Me hallo en la Providencia del Corregidor con la desa hecha un lío, sin una lágrima de Rute y abandonado por mis otros yo. Lo reconozco, me gusta Cataluña. Quiero decirlo alto y claro pero sin hacer ruido. Me gusta Cataluña como pueblo, una palabra con mejor sonido que nación, que es un invento de la alta burquesía y uno siempre ha sido de la puta base, la que no quiere fronteras excepto con Suiza, Andorra, Panamá y otros nidos de cuervos. Me gusta más la Cataluña andaluza que la Andalucía catalana de esos que sueñan, como todo político que se precie, con poder ser algún día el poder proletario que todo lo puede o podría. No hace falta decir que entre esa buena gente hay algunos a los que profeso un gran simpatía, y mira por donde me ha salido un ripio. Nada que ver con los referumdosos curas catalanes, más preocupados por asuntos terrenales que por cuestiones divinas como la subida de las pensiones que no se lo cree ni Fátima Báñez, la rociera.

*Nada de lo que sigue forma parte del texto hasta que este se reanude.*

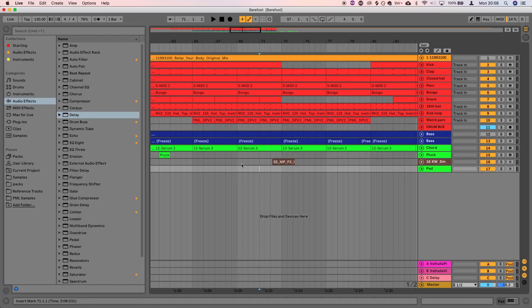So in this video, I'm going to be showing you some really simple but super effective processing that I do for some minimal kind of house breakdowns and drops.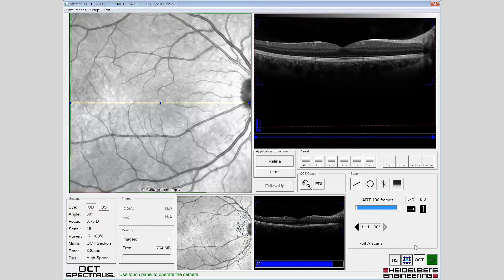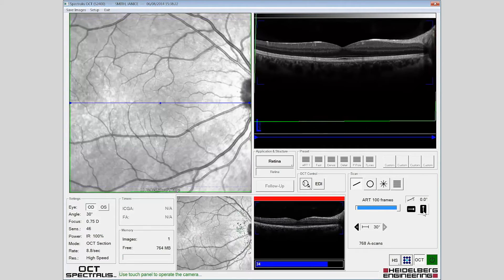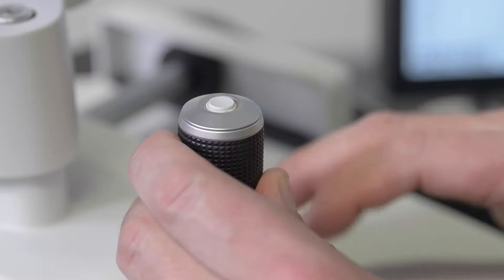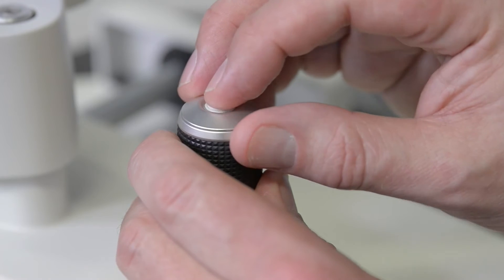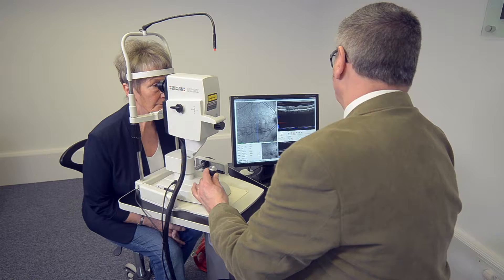The vertical scan should then be selected, again allowing the ART value to build to 100 before acquiring the image.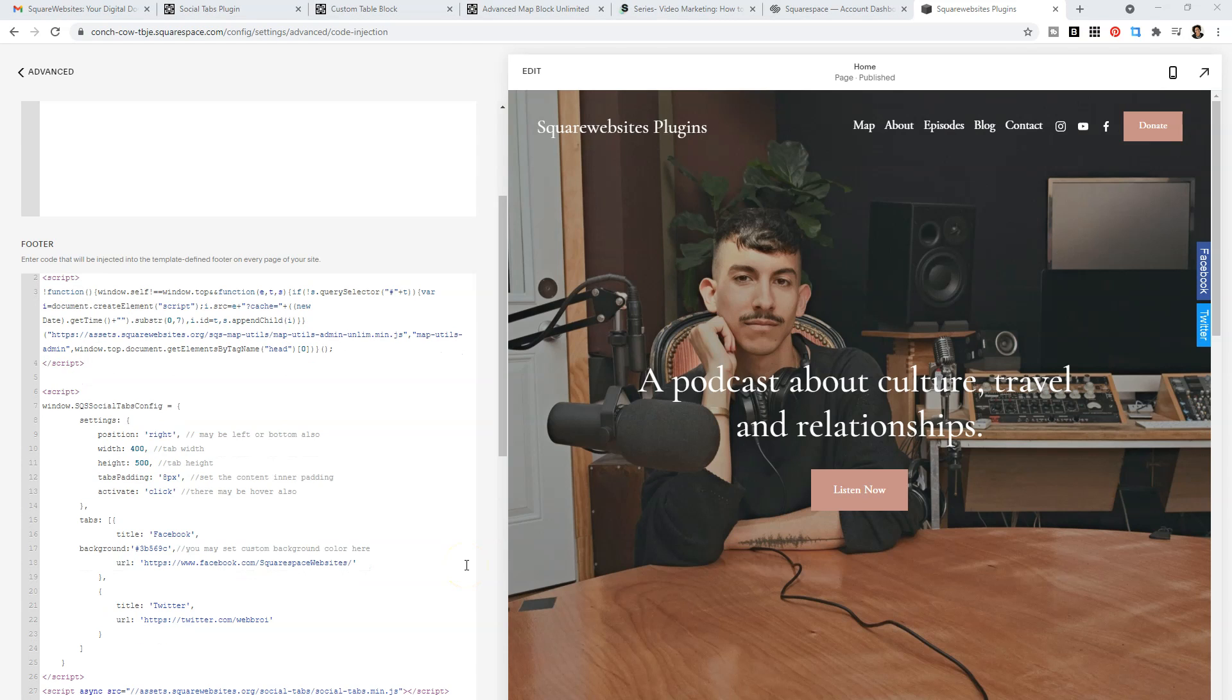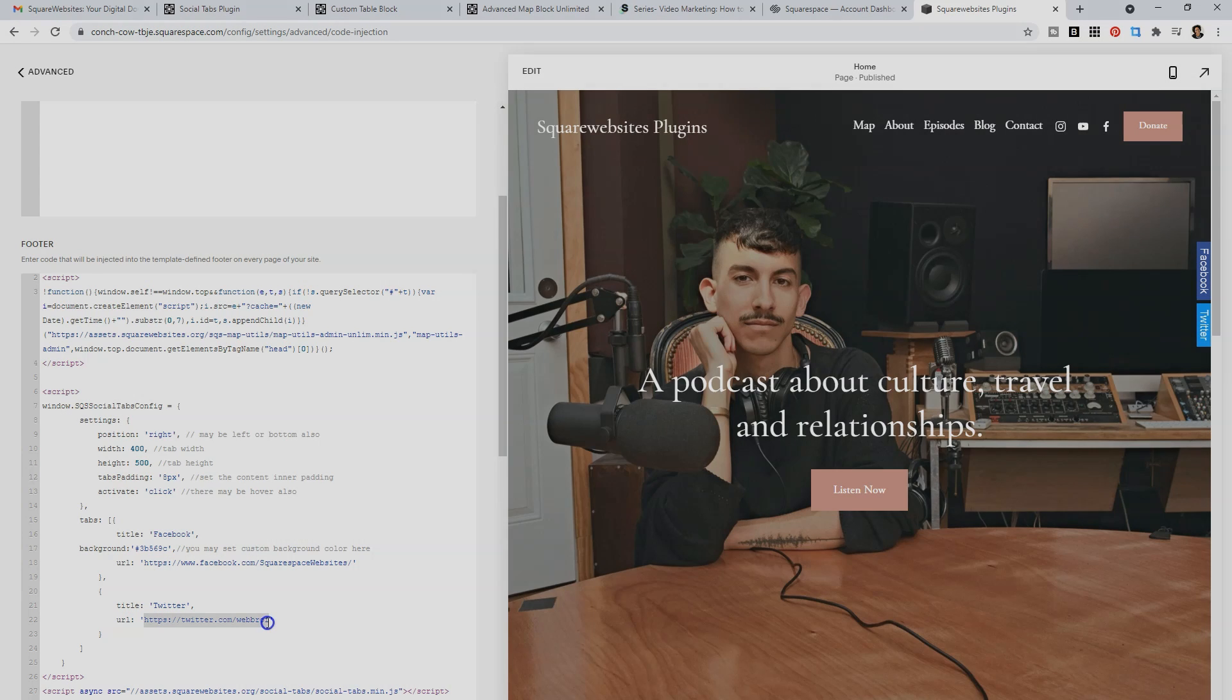In order to customize where the tabs send people, you need to update the link here for Facebook and for Twitter.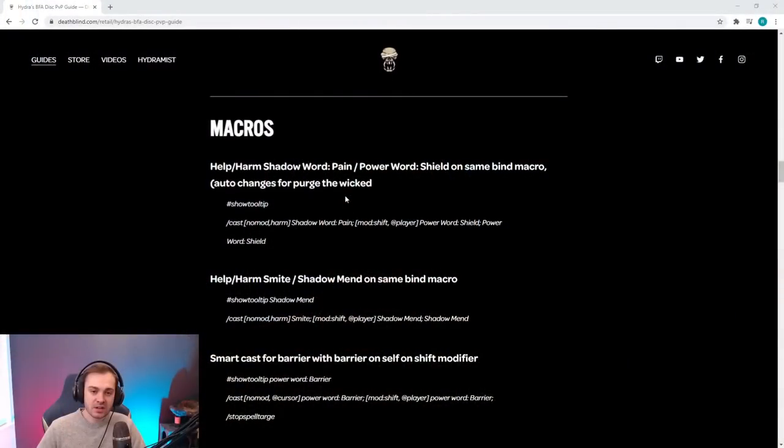This is the second video in the priest guide series. This video is about keybinds and macros. I'm going to talk through the macros I'm using, the different types of macros, what I think is going to be good and useful for you as a priest, and then go through why I've bound things in a certain way — the philosophy behind binding and making your character easier to pilot so you can be a better player in arena.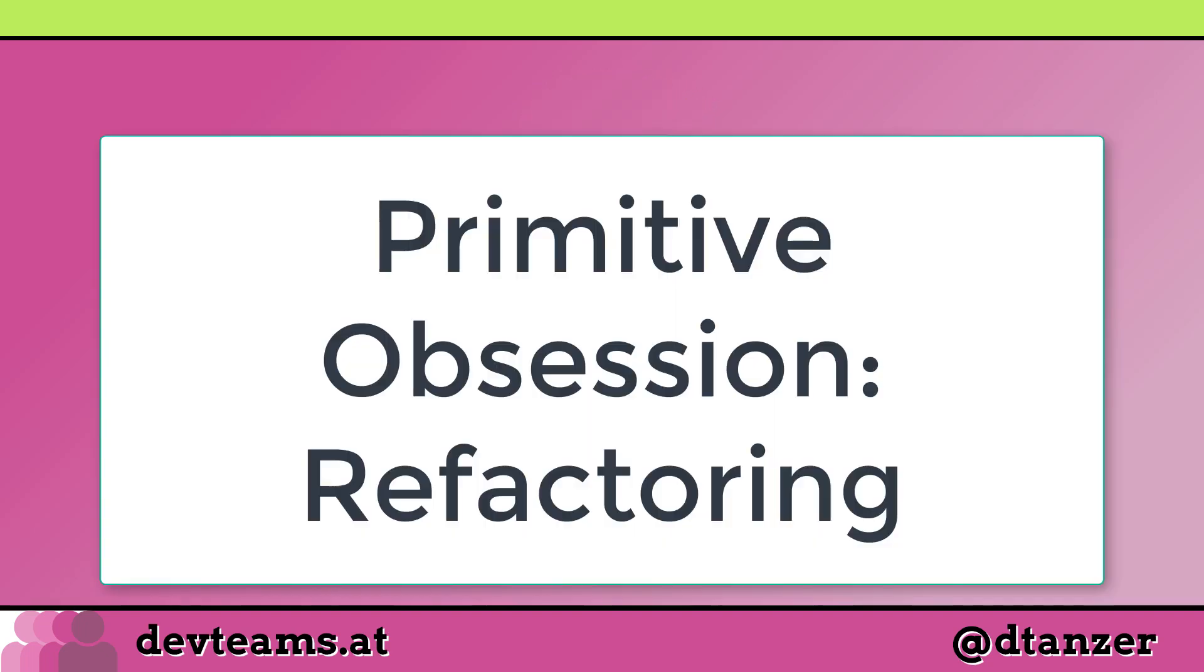In today's video, I want to show you how I would refactor a small piece of code like the one from the last video. My name is David and I'm a trainer and technically agile coach with over 12 years of experience, and I'm doing these videos to show you things that you can try to become a better software developer.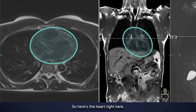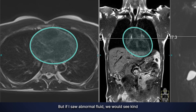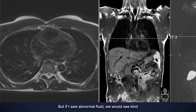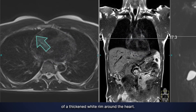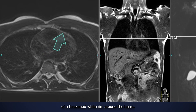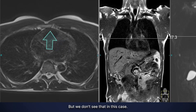Here's the heart right here — this is a normal size heart. But if I saw abnormal fluid, we would see a thickened white rim around the heart. We don't see that in this case.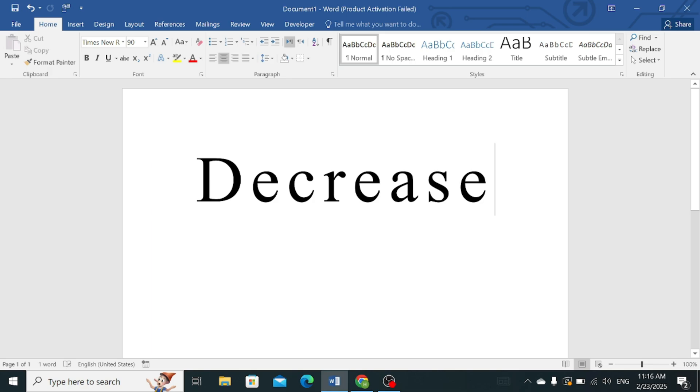You can see on the screen of my laptop, there are spaces between the individual characters in this particular word decrease. I want to remove these spaces or decrease the spaces between letters in this word. So how to do it? Let's follow the steps.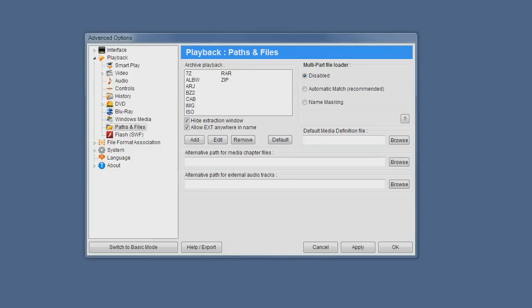Welcome to a quick ZoomPlayer tutorial. In this tutorial, we'll show you how to use the multi-part file loader.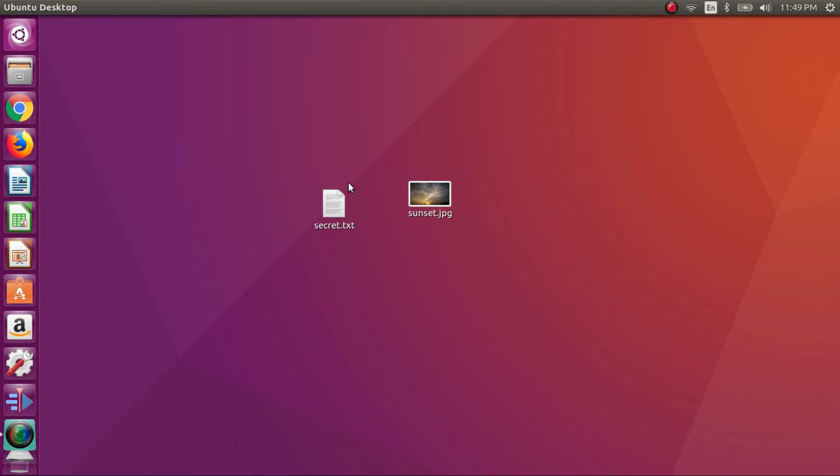Hello guys, in this video I will show you how I can secretly hide this secret.txt in this sunset.jpg file.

Llegué a Hospitalet de Llobregat en 1964, con 17 años mal cumplidos, y me puse a currar en una inmobiliaria, de mecanógrafo y auxiliar administrativo, que ha sido siempre, junto con los trabajos de peón de albañil, camarero y repartidor, lo que en mi estrecha vida me ha sacado del arroyo. Allí aprendí a leer catalán, mucho más fácil que el montemayuzo o el achuscarrao. En Hospitalet conocí a gente buena de Fernán Núñez, Montemayor, Doña Mencía, La Rambla, Posadas, Puente Genil y muchos más pueblos de Córdoba cuyos nombres me eran desconocidos porque mi juventud pajillera la había pasado en León y la infancia de monaguillo la ocupó toda el latín.

En 1967 tuve un amigo en el Tercio sahariano D. Juan de Austria, III de la Legión y otro en la agrupación de Tropas Nómadas de El Aaiún. Los dos eran catalanes y acabamos los tres en el talego, siempre por la maldita grifa de Ketama.

En 1972 me planté en Mataró contratado por una fábrica de tricotosas como fresador de 2ª, título que obtuve en la Universidad Laboral de Córdoba junto con Rafael Fernández, Luis Chavero y Miguel Cabrera gracias a los ilustres profesores Rafael Tena y Manuel Carmona. Fijé mi residencia en pleno barrio chino de Barcelona. El trayecto diario en metro y autobús ilustrado con lecturas de periódicos y revistas, las encantadoras charlas de muchos viajeros, me ayudaron a conocer el mundo que me rodeaba. Al año siguiente volví a Córdoba, me casé y me llevé a mi María a vivir en Santa Coloma de Gramanet y Montcada. Trabajé en Tarragona, Reus, Tortosa. Y qué más voy a contar. Quizá recordar mis viajes a Toulouse en los años 80 cuando Antonio Gómez ‘El Papi’ anduvo por allí exiliado y cada visita era inolvidables reuniones con lo mejor del anarquismo catalán de aquella época.